A Quick Guide to Boosting Your Immunity
Be Good to Your Gut
Why it’s important: “The majority of the immune system is found in the lining of your intestine, so it’s a good idea to support your gut and microbiome with lots of good bacteria,” Dr. Goldberg says.
Try this: Many people look to probiotic supplements to build good gut bacteria, but it’s better to maintain your overall gut health through a whole-foods diet (one centered around minimally processed foods) and probiotic-rich foods instead. “A well-rounded, balanced diet, like the Mediterranean diet, that includes vegetables, lean meats, and healthy fats, is another way people can improve their immune system,” Dr. Goldberg says. Specific foods loaded with probiotics include yogurt or fermented foods like kimchi, miso, and sauerkraut.
Skip the Supplements
Why it’s important: Speaking of supplements, there isn’t enough evidence that certain supplements like vitamin D, zinc, and elderberry improve immune function. Plus, you may not be getting the ingredients you’re paying for: One study reported that out of 44 herbal supplements tested, 30 had product substitutions — including filler ingredients and contaminants that could pose health risks. “Eating an elderberry and taking a capsule that claims to contain elderberry is not the same thing,” Dr. Goldberg says.

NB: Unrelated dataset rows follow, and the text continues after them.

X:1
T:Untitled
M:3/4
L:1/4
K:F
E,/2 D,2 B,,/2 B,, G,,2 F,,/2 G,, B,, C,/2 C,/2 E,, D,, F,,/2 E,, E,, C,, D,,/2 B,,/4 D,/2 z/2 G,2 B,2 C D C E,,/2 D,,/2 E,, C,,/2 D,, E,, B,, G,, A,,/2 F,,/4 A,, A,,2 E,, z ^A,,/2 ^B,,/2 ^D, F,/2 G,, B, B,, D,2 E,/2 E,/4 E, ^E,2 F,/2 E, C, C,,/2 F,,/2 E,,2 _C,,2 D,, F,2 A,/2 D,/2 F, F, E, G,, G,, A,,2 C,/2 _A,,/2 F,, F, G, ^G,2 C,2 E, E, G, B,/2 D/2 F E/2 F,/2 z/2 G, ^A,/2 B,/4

Try this: Forget the capsules and look to the supermarket aisles. “Again, eating a mostly whole-foods and plant-based diet can help you get the vitamins and nutrients you need,” Dr. Goldberg says. “Focus less on vitamins and supplements and more on eating real food.”
Why it’s important: Aside from the fact that lung cancer is the leading cause of cancer death in men and women in the U.S., those with lung disease are more vulnerable to respiratory illnesses like the flu and COVID-19.

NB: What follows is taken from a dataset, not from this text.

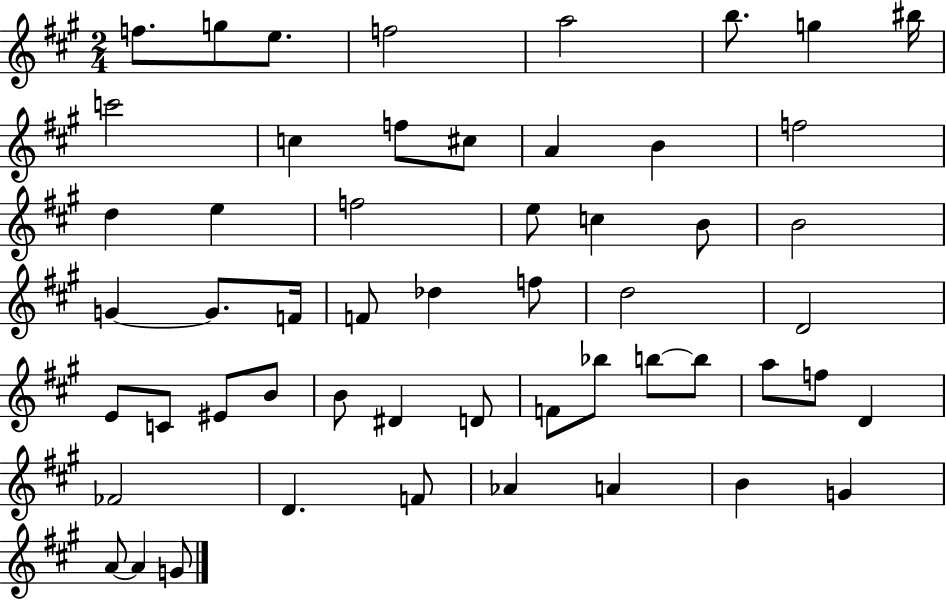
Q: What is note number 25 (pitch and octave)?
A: F4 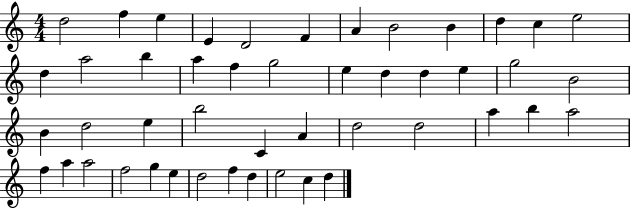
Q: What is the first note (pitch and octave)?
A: D5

“Quitting smoking is one of the best things you can do for yourself—it could literally save your life down the road,” Dr. Goldberg says. “And it’s one of the best things you can do to help improve your immune system.”
Try this: There’s no question that quitting isn’t easy — the average smoker tries to quit six times before they successfully stop. If quitting cold turkey hasn’t worked for you, ask your doctor about a smoking cessation program. With the help of supportive therapies and medication, a smoker’s chances of quitting go up from 5% to 40%.
Drink in Moderation
Why it’s important: Simply put, chronic drinking could put your immune health in jeopardy. Research has shown that alcohol can impact your body’s ability to protect itself from infection and inflammation and disrupts normal function of the gut microbiome. It has also been tied to higher risks for pulmonary disease and certain cancers.
Try this: If you’re going to drink, the current Dietary Guidelines for Americans recommends limiting the number of drinks to one per day for women and two per day for men. And don’t drink right before bed, as it can disrupt sleep.
Think of limiting your alcohol intake as a healthy habit that impacts your whole body — much like exercising, eating well, getting enough sleep, and reducing stress — which in turn helps boost the immune system. “Treating yourself right overall can help you make the most of what you’ve got,” says Dr. Goldberg.
David M. Goldberg, M.D., is an internist and infectious disease specialist at NewYork-Presbyterian Medical Group Westchester and assistant professor of medicine at Columbia University Vagelos College of Physicians and Surgeons. He is board-certified in Internal Medicine and Infectious Diseases and has a special interest in travel medicine, Lyme disease, HIV, and community-acquired infections.